* Exercise directions *
The word to look for is "image". Report every line of the entries below that has it.
Information provided section start
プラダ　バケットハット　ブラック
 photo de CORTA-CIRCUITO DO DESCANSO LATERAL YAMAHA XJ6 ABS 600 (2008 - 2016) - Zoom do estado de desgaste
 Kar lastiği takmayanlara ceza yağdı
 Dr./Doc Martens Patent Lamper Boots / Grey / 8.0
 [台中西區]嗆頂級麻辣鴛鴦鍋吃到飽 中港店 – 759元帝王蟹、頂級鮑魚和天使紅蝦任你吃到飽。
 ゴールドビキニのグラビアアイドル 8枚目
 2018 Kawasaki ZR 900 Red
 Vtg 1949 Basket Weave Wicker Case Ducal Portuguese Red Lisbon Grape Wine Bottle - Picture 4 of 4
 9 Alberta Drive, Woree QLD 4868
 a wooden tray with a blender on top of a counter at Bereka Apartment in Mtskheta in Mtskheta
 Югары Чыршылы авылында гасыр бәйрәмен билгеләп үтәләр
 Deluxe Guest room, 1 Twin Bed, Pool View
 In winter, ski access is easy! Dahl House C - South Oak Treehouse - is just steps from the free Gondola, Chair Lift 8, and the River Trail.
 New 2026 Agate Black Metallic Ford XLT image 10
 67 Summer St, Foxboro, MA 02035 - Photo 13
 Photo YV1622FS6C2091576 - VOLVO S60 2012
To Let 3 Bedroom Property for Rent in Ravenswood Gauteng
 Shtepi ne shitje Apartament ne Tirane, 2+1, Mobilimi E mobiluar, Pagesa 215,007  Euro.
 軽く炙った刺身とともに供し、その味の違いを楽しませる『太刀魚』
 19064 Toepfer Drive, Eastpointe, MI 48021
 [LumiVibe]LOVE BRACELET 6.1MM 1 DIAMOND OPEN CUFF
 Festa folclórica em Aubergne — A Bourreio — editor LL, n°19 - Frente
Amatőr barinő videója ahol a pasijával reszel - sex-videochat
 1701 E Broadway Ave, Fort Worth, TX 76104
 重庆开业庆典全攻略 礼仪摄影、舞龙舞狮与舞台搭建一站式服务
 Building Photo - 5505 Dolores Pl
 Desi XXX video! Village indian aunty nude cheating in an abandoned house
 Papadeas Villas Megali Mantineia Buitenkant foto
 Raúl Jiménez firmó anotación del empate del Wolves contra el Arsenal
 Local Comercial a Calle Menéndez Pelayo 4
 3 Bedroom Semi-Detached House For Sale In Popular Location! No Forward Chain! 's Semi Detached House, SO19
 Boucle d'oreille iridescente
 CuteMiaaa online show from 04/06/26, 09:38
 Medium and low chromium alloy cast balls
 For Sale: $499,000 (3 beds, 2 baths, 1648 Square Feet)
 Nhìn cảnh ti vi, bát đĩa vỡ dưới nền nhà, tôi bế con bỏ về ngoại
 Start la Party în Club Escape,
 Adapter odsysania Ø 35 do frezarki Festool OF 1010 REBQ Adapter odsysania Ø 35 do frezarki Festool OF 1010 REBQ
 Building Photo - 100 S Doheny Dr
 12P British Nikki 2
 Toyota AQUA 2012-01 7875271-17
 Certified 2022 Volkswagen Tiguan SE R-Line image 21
Information provided section end
* Task answer *
 New 2026 Agate Black Metallic Ford XLT image 10
 Certified 2022 Volkswagen Tiguan SE R-Line image 21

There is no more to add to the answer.